### Source data
----

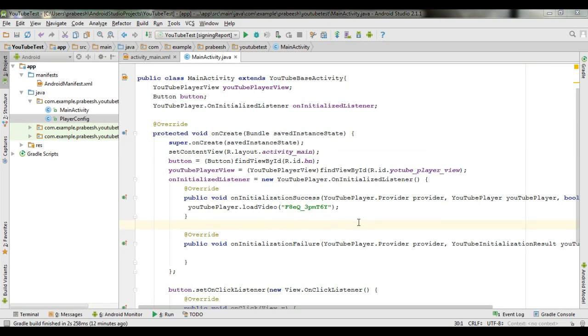Now we need to load the video. Go to YouTube and select a video, then copy the video ID string from the URL. Back in Android Studio, from the onInitializationSuccess method, use the YouTubePlayer argument and call youtubePlayer.loadVideo() specifying the video ID string. Now the coding is finished and we can test this application on a real Android device.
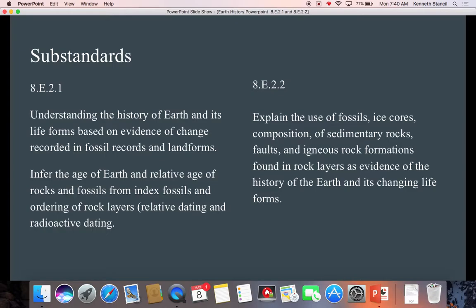We are to infer the age of the Earth and relative age of rocks and fossils from index fossils and ordering of rock layers. We can also use relative dating and radioactive dating. 8E22 explains the use of fossils, ice cores, composition, sedimentary rocks, faults, and igneous rock formations found in rock layers as evidence of the history of the Earth and its changing life forms. So we're looking at the evidence and how the evidence is used as to the history of the Earth.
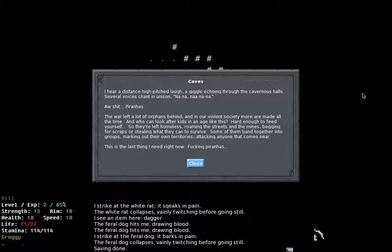So, I've just gone through the game a few levels there and I'm on to the next level here, which is the caves. A little bit of story text here. I hear a distant high pitched laugh, a giggle echoing through the cavernous halls. Several voices chant in unison. Nah, nah, nah, nah, nah. Aw, shit. Piranhas. The war left a lot of orphans behind and our violent society more are made all the time. And who can look after kids in an age like this? Hard enough to feed herself. So they're left homeless, roaming the streets in their mines, begging for scraps for stealing what they can't survive. Some of them band together into groups, marking out their own territories, attacking anyone that comes near. This is the last thing I need right now. Fucking Piranhas.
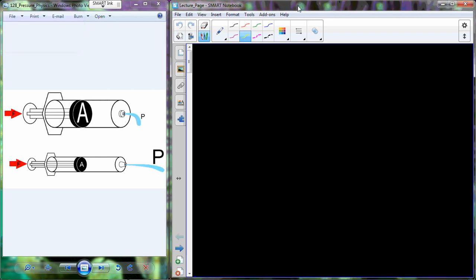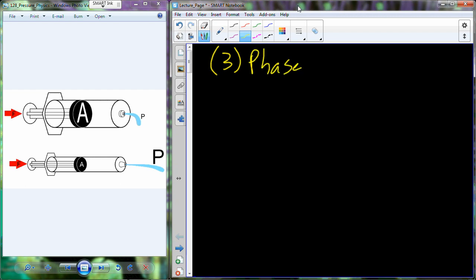We are right in the middle of the respiratory cycle. We've gone through the relaxed state, which has no airflow because there's no appreciable pressure gradient between the external environment and the pressure inside the lungs. During inhalation, we increase the volume of the thoracic cavity, causing a decrease in pressure below environmental pressure, so air flows from high pressure in the environment to low pressure in the lungs. Those are the two phases. We're going to pick up with phase three: exhalation, also called expiration.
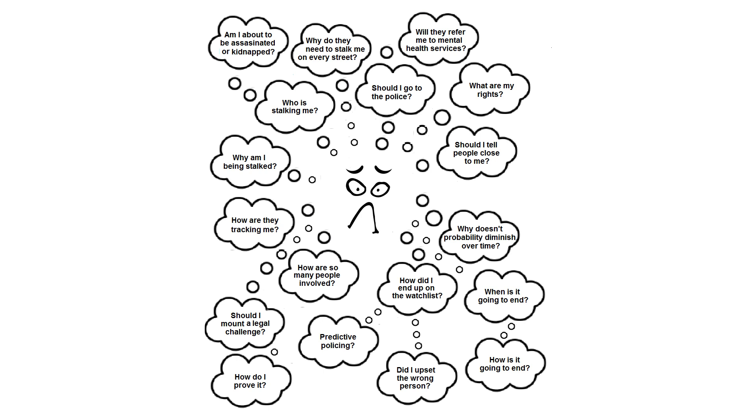The specific reason why they are placed on a watch list is never explained or justified. The target may seriously consider that they are in danger of being kidnapped or assassinated, considering the amount of resources being devoted to stalking them.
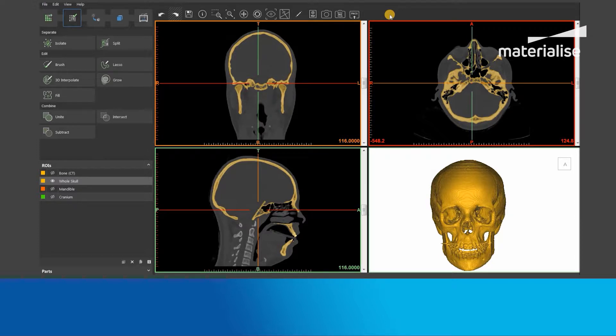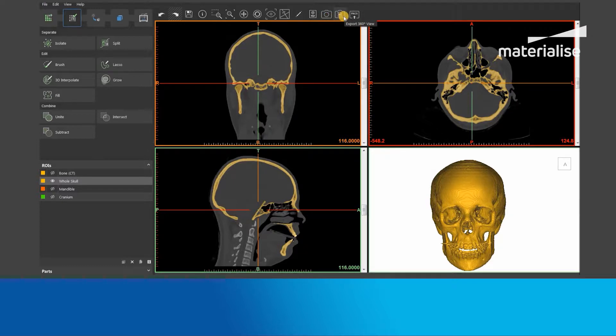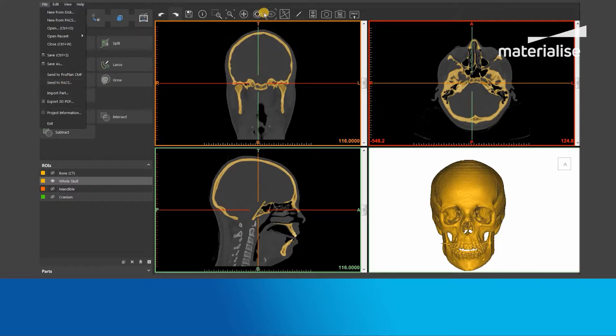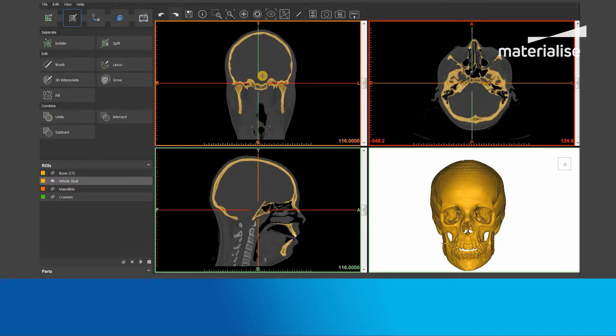The three tools are: Export 3D View, Export 360 Degree View, and Send to PACS. For this tutorial, we will use a skull dataset which would potentially be used to plan an orthognathic case.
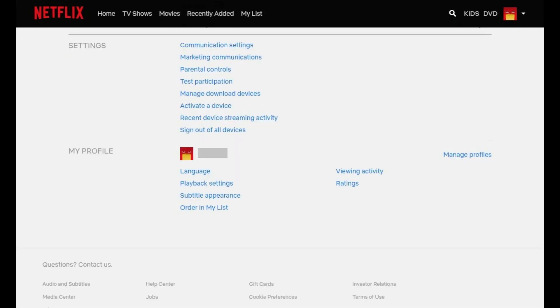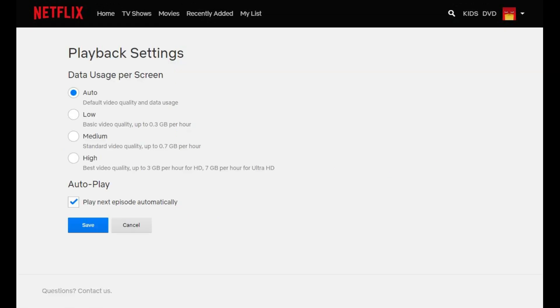Step 3: Scroll down to the My Profile section, and then click Playback Settings in the My Profile section. The Playback Settings screen appears. Step 4:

----

### Your assignment
Without the pictures, return all the entries above exactly as they stand.

### Solution to this task
Now we need to load the video. Go to YouTube and select a video, then copy the video ID string from the URL. Back in Android Studio, from the onInitializationSuccess method, use the YouTubePlayer argument and call youtubePlayer.loadVideo() specifying the video ID string. Now the coding is finished and we can test this application on a real Android device.
We are to infer the age of the Earth and relative age of rocks and fossils from index fossils and ordering of rock layers. We can also use relative dating and radioactive dating. 8E22 explains the use of fossils, ice cores, composition, sedimentary rocks, faults, and igneous rock formations found in rock layers as evidence of the history of the Earth and its changing life forms. So we're looking at the evidence and how the evidence is used as to the history of the Earth.
So, I've just gone through the game a few levels there and I'm on to the next level here, which is the caves. A little bit of story text here. I hear a distant high pitched laugh, a giggle echoing through the cavernous halls. Several voices chant in unison. Nah, nah, nah, nah, nah. Aw, shit. Piranhas. The war left a lot of orphans behind and our violent society more are made all the time. And who can look after kids in an age like this? Hard enough to feed herself. So they're left homeless, roaming the streets in their mines, begging for scraps for stealing what they can't survive. Some of them band together into groups, marking out their own territories, attacking anyone that comes near. This is the last thing I need right now. Fucking Piranhas.
We are right in the middle of the respiratory cycle. We've gone through the relaxed state, which has no airflow because there's no appreciable pressure gradient between the external environment and the pressure inside the lungs. During inhalation, we increase the volume of the thoracic cavity, causing a decrease in pressure below environmental pressure, so air flows from high pressure in the environment to low pressure in the lungs. Those are the two phases. We're going to pick up with phase three: exhalation, also called expiration.
The specific reason why they are placed on a watch list is never explained or justified. The target may seriously consider that they are in danger of being kidnapped or assassinated, considering the amount of resources being devoted to stalking them.
The three tools are: Export 3D View, Export 360 Degree View, and Send to PACS. For this tutorial, we will use a skull dataset which would potentially be used to plan an orthognathic case.
Step 3: Scroll down to the My Profile section, and then click Playback Settings in the My Profile section. The Playback Settings screen appears. Step 4:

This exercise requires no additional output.